Les victimes des attentats ont décrit, une à une, les différents symptômes : troubles du sommeil, une hypervigilance, des difficultés de concentration, une irritabilité permanente, des dépressions… Qui peuvent être accentués par la dissociation traumatique : "Pendant quelques minutes, quelques heures, il y a une désintégration des fonctions psychiques"​, telle que la mémoire. Plusieurs victimes ont ainsi raconté avoir "un trou" ​dans la chronologie des événements ce soir-là.

"Il y a aussi chez elles, un sentiment d’abandon : l’idée que personne ne pourra comprendre ou partager ce qu’elles ont vécu"​, complète le psychiatre. D’où l’importance, pour elles, d’intégrer les associations de victimes qui se sont constituées : Life for Paris et 13Onze15. Sans oublier un sentiment de culpabilité : "S’il suffisait de dire aux gens qu’ils n’ont pas besoin de culpabiliser…, soupire le psychiatre. ​Mieux vaut leur dire qu’ils ne sont en rien responsables. Mais ce sentiment peut être pris en charge dans le cadre d’une thérapie."
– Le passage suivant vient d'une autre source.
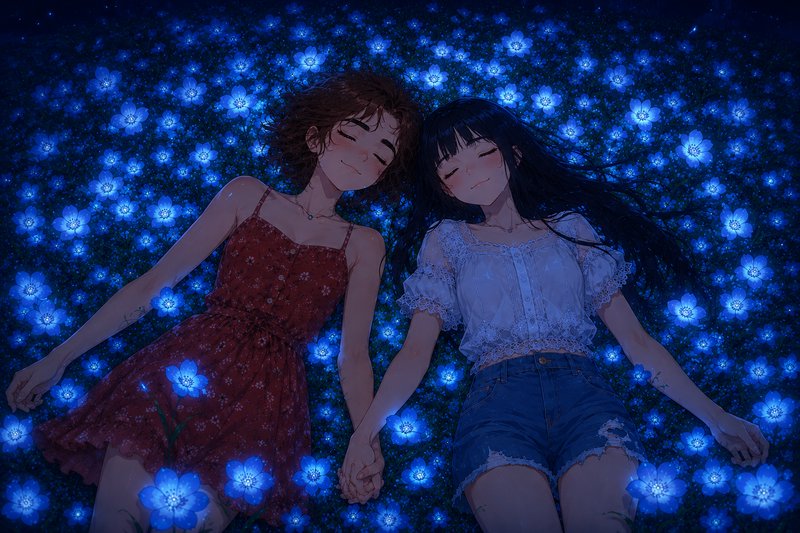 Two smiling anime girls hold hands while laying with closed eyes in a field of glowing blue biolu...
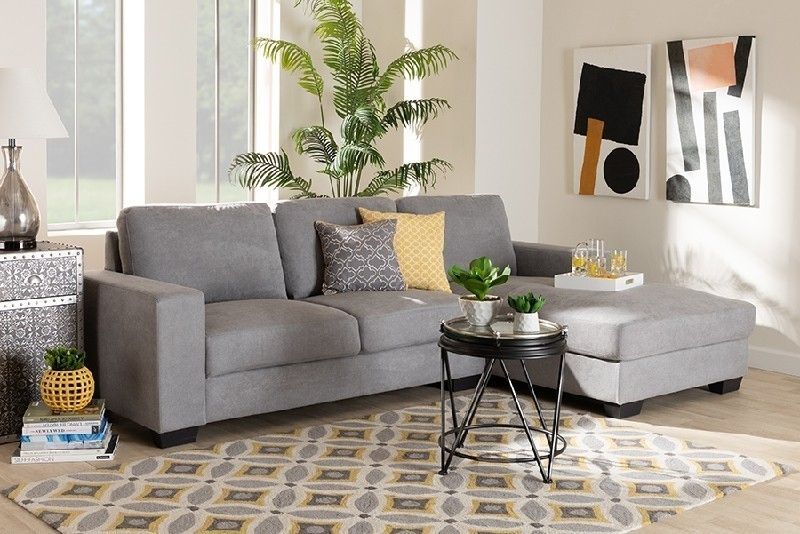 Baxton Studio J099S Light Grey Rfc Nevin 102 Inch Modern And Contemporary  Fabric Upholstered Sectional Sofa With In Studio Sectional Couches (View 12 of 15)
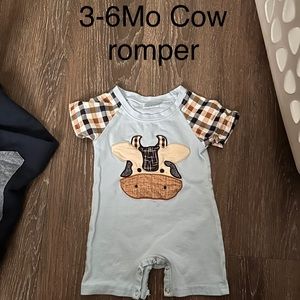 3-6 Month cow romper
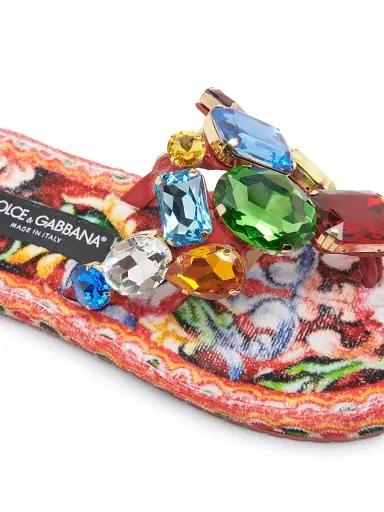 Dolce & Gabbana Women's Carretto Embellished Leather Thong Sandals - Carretto | Thumbnail 5 Dolce & Gabbana Women's Carretto Embellished Leather Thong Sandals - Carretto | Thumbnail 5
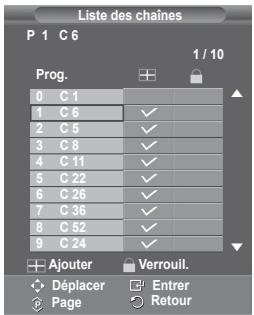 SAMSUNG PS50A550 - Ajout/verrouillage de canaux - 3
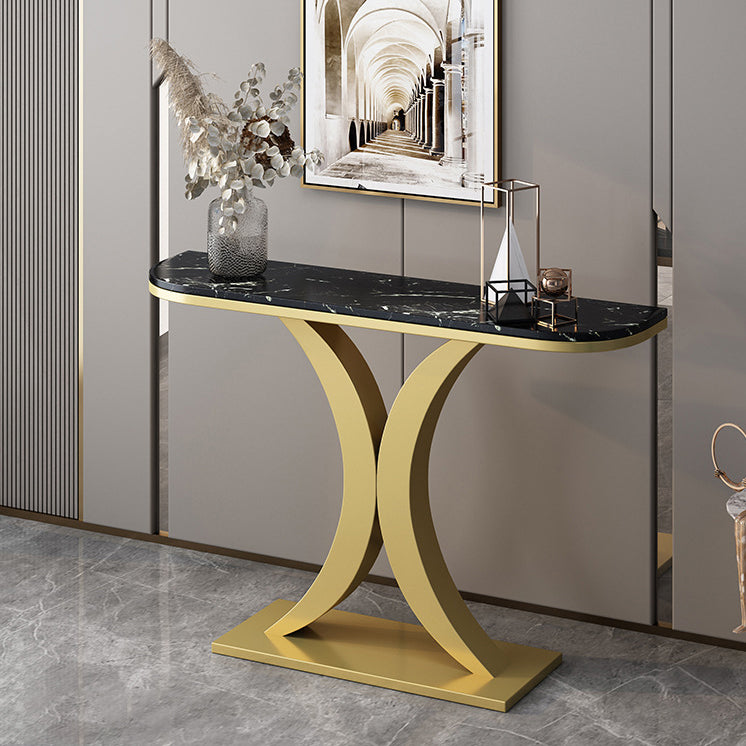 Glam Iron Console Sofa Table Half Moon Marble Console Accent Table for Hall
Enfin, de manière plus profonde, ce traumatisme engendre des questions existentielles. "Ces victimes s’interrogent sur le fait qu’un être humain, leur alter ego, est capable de provoquer de telles horreurs. Comment en est-il capable ? En suis-je capable moi aussi ?"​, résume Thierry Baubet. "Le survivant se vit inconsciemment comme un traître vis-à-vis des personnes décédées"​, complète le Dr Wong. Et de poursuivre : "Cette quête de sens n’est pas un choix. Elle s’impose aux personnes traumatisées."

Pour un jeune enfant – et ils sont nombreux à avoir perdu un parent ce soir-là – les TSPT peuvent perturber ses acquisitions : ses capacités à réguler ses émotions, à développer ses capacités cognitives…

Beaucoup de victimes sont-elles suivies ?

Un an après les attentats, "la moitié d’entre elles n’étaient pas en soins"​, révèle le psychiatre. Marie-Claude Desjeux, la présidente de la Fenvac (une association d’aide aux victimes) a ainsi confirmé qu’avant le procès, "sept victimes nous ont contactés pour la première fois. Elles étaient donc restées seules durant près de six ans et se trouvaient dans une situation grave"​.

Les raisons de cette absence de suivi psychologique sont diverses. "Il peut y avoir eu une mauvaise expérience avec un psychologue. Et ça, c’est terrible car ces personnes n’iront plus voir de psy avant dix ans"​, convient Thierry Baubet. À la barre, il y a quelques semaines, une victime du Bataclan se souvenait encore de ce psychiatre qui s’était endormi alors qu’elle lui racontait qu’elle s’était protégée, dans la fosse du Bataclan, en s’abritant avec le corps d’un autre spectateur…

Mais les raisons peuvent être un sentiment de honte, une forme de déni, la crainte de ne pas être compris…

Autre difficulté, les cellules d’urgence médico-psychologiques interviennent jusqu’à un mois après l’événement. Ensuite, c’est aux victimes d’entreprendre une démarche de soutien. "Les attentats de 2015 et 2016 ont constitué un tournant. De plus en plus de professionnels sont désormais formés à ces traumatismes, plus seulement les médecins militaires. Des centres régionaux du trouble traumatique ont également été créés. Ils manquent parfois de moyens, mais c’est un début"​, convient le Pr Baubet.